@ignitionai/core
Single responsibility: define the contract between your world and the training loop. Everything else in IgnitionAI is a plugin on top of this package.
Source: packages/core/src/ on GitHub.
Install
npm install @ignitionai/coreYou almost never install core alone — you typically install it together with a backend like @ignitionai/backend-tfjs. But the types and the TrainingEnv interface come from here, so it’s still the first package to understand.
Public API surface
| Export | Kind | Purpose |
|---|---|---|
IgnitionEnv | class | Base training environment. Orchestrates agent + env + loop. Extended by backends. |
TrainingEnv | type | Interface you implement to describe your world. |
InferenceEnv | type | Same idea, for inference-only deployment. |
AgentInterface | type | Contract every agent (DQN, PPO, Q-Table, OnnxAgent, …) must satisfy. |
AgentFactory | type | A function (config) => AgentInterface. Backends register one per algorithm. |
AlgorithmType | type | String literal union: `‘dqn' |
CheckpointableAgent | type | Extension of AgentInterface for agents that can save/load weights. |
Experience | type | One transition tuple (state, action, reward, nextState, terminated, truncated). |
StepResult | type | Return type of one env step. |
ActionSpace / ObservationSpace | types | Typed descriptions of action/observation shapes. |
DiscreteSpace / BoxSpace / MultiDiscreteSpace | types | The three kinds of spaces. |
mergeDefaults | function | Utility used by backends to merge user config with algorithm defaults. |
validateTrainingEnv / validateInferenceEnv | functions | Runtime checks that a user-provided env satisfies the interface. |
ExperienceSchema | Zod schema | Validation schema for Experience objects. |
The TrainingEnv interface — the contract you implement
This is the whole contract between your game world and the framework:
export interface TrainingEnv {
/** Available actions: named list or count */
actions: string[] | number
/** Return the current observation as a number array */
observe(): number[]
/** Apply an action to the environment */
step(action: number | number[]): void
/** Return the reward for the current state */
reward(): number
/** Return true if the episode is over */
done(): boolean
/** Reset the environment for a new episode */
reset(): void
}Five methods and one property. That’s it.

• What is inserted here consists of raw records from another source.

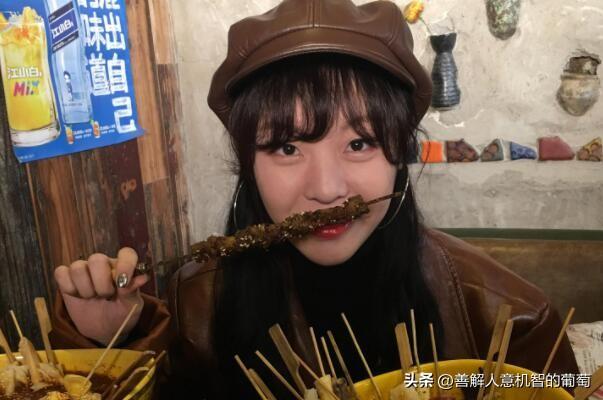 抖音吃播網紅有哪些抖音吃播網紅排名男插圖7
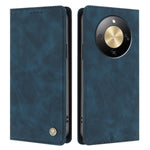For Honor X70 5G / Honor Magic8 Lite 5G / Honor X9d 5G Case HX RFID Blocking Wallet Stand Leather Flip Phone Cover
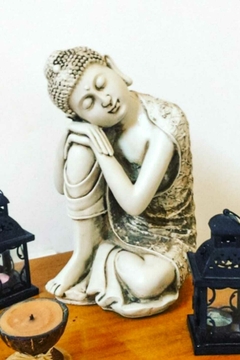 Buda Rodilla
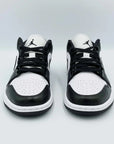 Jordan 1 Low Panda SA Sneakers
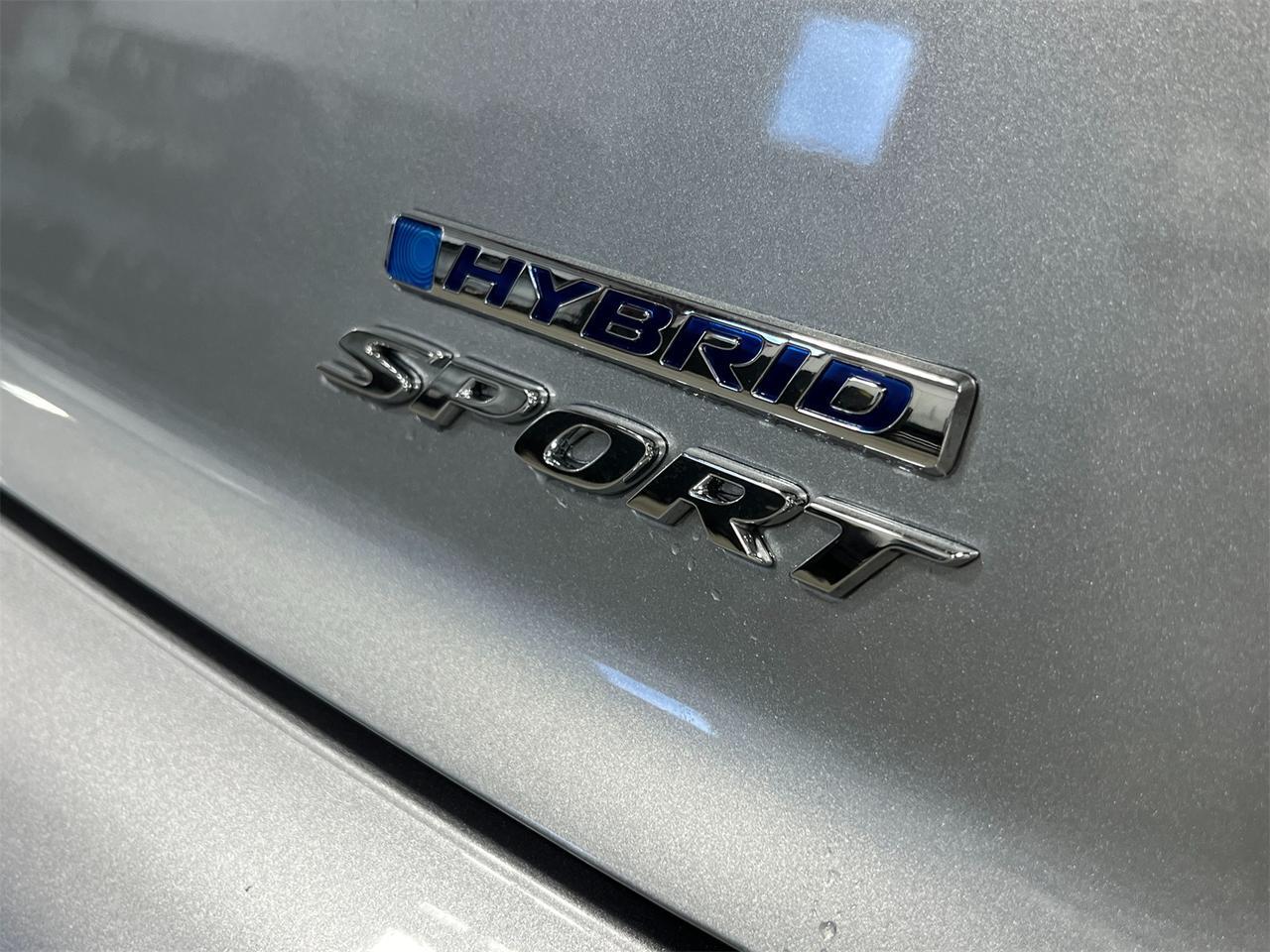 2025 Honda Accord Hybrid Sport Alexandria VA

actions— either a string list (e.g.,['left', 'right']) or an integer count. The framework usesactions.length(or the integer) to deduce the agent’s output size.observe()— return a flatnumber[]describing the current state. Normalize values to roughly[-1, 1]for best results. The length of this array is the agent’s input size.step(action)— apply the action to your world. Move the cart, spawn the enemy, advance the physics. No return value.reward()— score the current state. Can be negative (penalty), positive (reward), or zero.done()— true if the episode should end. The framework will callreset()automatically on the next step.reset()— restore your world to a fresh starting state. Should be called fromdone() === true.
There’s no implicit global state. There’s no hidden context passed around. If the framework needs to know something about your world, it calls one of these methods to find out.

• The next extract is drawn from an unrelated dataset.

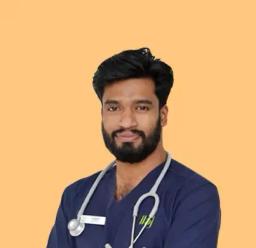 Dr. Dinesh K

Auto-configuration — how the network shape is deduced
Here’s the part that makes IgnitionAI “zero config.” When you do:
const cartpole = new CartPoleEnv()
const env = new IgnitionEnvTFJS(cartpole)
env.train('dqn')The framework needs to build a neural network that maps observation → Q-values with the right input size and output size. You never type those numbers. Here’s how it figures them out.
Inside IgnitionEnv’s constructor:
constructor(env: TrainingEnv) {
validateTrainingEnv(env)
this.env = env
this.currentState = env.observe() // ← First call. Stores initial observation.
}And inside train():
const inputSize = this.currentState.length // ← Deduced from observe() length
const actionSize = typeof this.env.actions === 'number'
? this.env.actions
: this.env.actions.length // ← Deduced from actions property
const factory = this.factories[algo]
const merged = mergeDefaults(defaults, { ...overrides, inputSize, actionSize })
this._agent = factory(merged)So the flow is:
- You pass your
TrainingEnvtoIgnitionEnvTFJS. - The base
IgnitionEnvconstructor callsobserve()once and stores the result. - When you call
train('dqn'), the framework readsthis.currentState.length(input size) and youractionsproperty (output size), merges them with the DQN defaults, and calls the DQN factory. - The agent is built with the right shape. You never specified
inputSizeoractionSize.
If you break the contract — e.g., return different-length arrays from observe() on different calls — the framework will throw at training time, not at construction time. validateTrainingEnv catches the most common mistakes (wrong types, missing methods) but can’t catch every logical bug.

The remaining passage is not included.